_What to work on_
Exercise in exact copying: restate word for word only the lines below from the one containing "Tinsley Luxe Fleece Dress 7" through the one containing "05-07 Ford F-250/F-350", omitting any pictures.

_Supplied data_
━━━

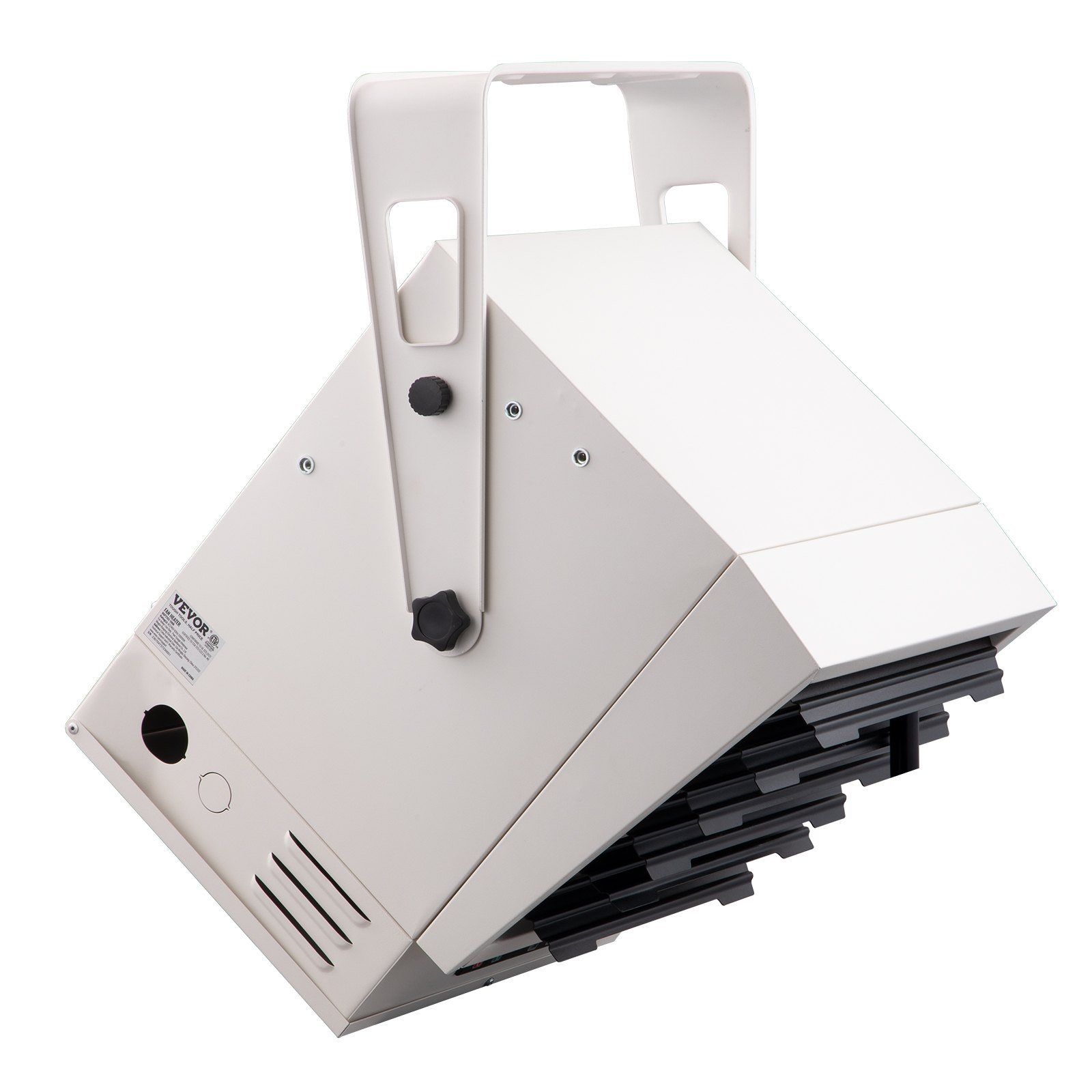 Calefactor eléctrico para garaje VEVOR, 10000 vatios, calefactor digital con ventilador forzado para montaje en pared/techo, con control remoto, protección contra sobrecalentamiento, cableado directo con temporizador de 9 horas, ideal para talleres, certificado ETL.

━━━

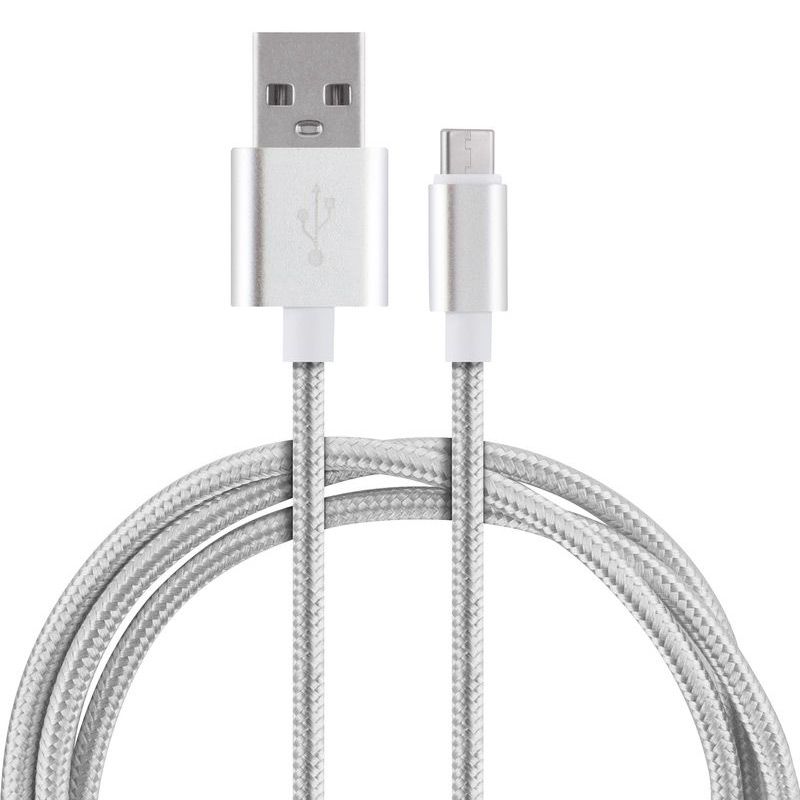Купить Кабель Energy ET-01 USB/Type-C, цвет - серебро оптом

━━━

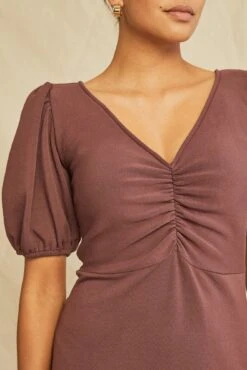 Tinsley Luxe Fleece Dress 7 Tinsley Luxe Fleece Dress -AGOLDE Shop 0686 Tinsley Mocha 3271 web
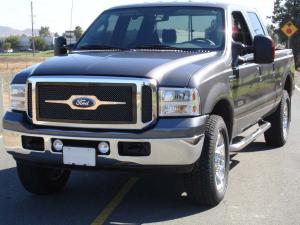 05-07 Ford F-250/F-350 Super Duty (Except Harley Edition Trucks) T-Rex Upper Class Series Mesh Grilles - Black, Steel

━━━

_Solution for this exercise_
 Tinsley Luxe Fleece Dress 7 Tinsley Luxe Fleece Dress -AGOLDE Shop 0686 Tinsley Mocha 3271 web
 05-07 Ford F-250/F-350 Super Duty (Except Harley Edition Trucks) T-Rex Upper Class Series Mesh Grilles - Black, Steel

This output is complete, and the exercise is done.